----- ENTRIES PROVIDED -----

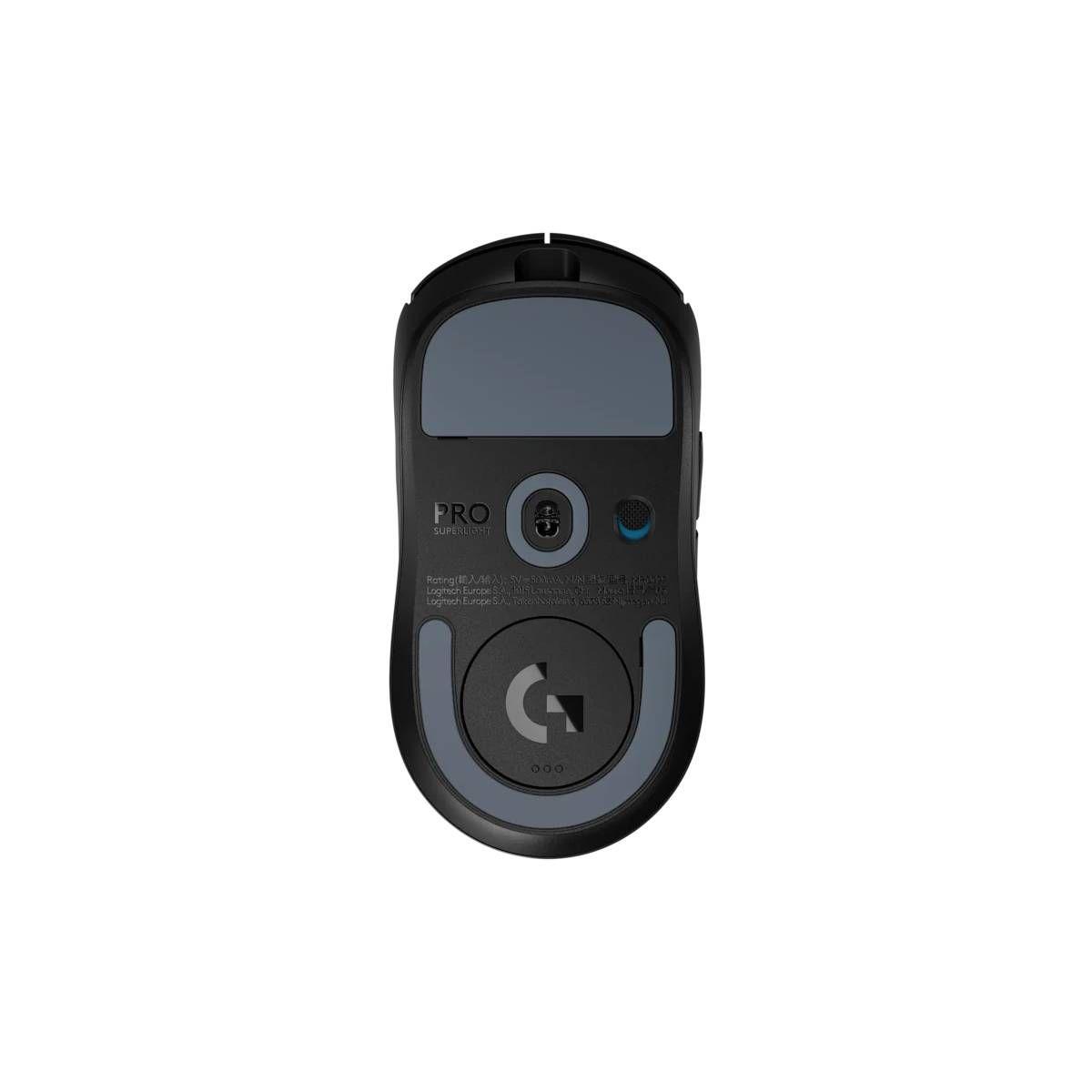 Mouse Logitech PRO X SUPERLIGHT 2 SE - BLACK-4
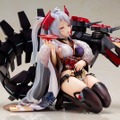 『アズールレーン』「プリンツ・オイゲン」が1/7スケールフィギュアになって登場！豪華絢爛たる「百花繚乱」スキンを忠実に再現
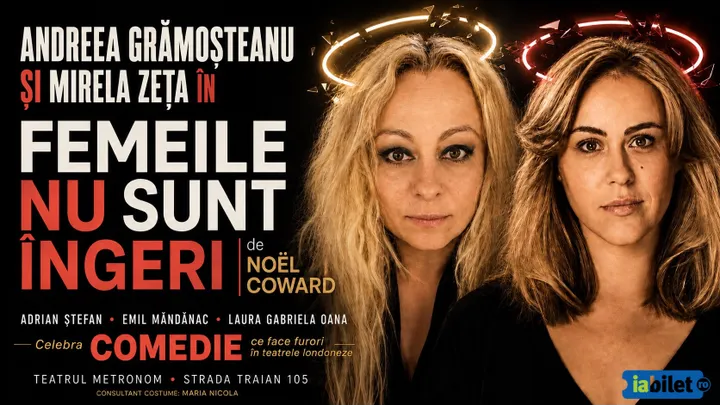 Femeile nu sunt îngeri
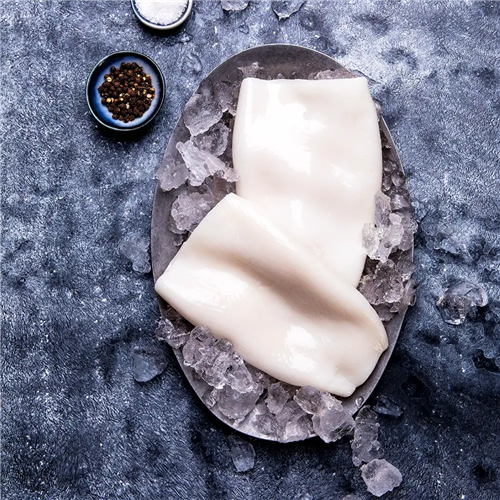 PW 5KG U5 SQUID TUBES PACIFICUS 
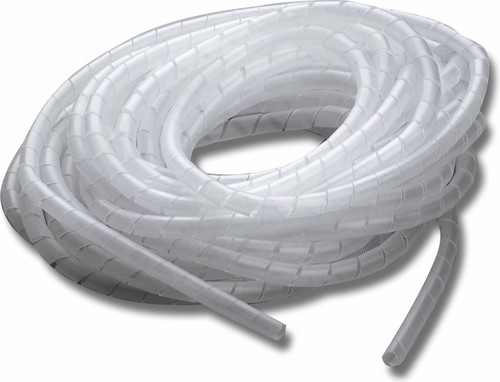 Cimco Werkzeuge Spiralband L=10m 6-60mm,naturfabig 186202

-----

* TRY IT *
Exact copy, no pictures: reproduce every entry shown above.

* EXERCISE ANSWER *
 Mouse Logitech PRO X SUPERLIGHT 2 SE - BLACK-4
 『アズールレーン』「プリンツ・オイゲン」が1/7スケールフィギュアになって登場！豪華絢爛たる「百花繚乱」スキンを忠実に再現
 Femeile nu sunt îngeri
 PW 5KG U5 SQUID TUBES PACIFICUS 
 Cimco Werkzeuge Spiralband L=10m 6-60mm,naturfabig 186202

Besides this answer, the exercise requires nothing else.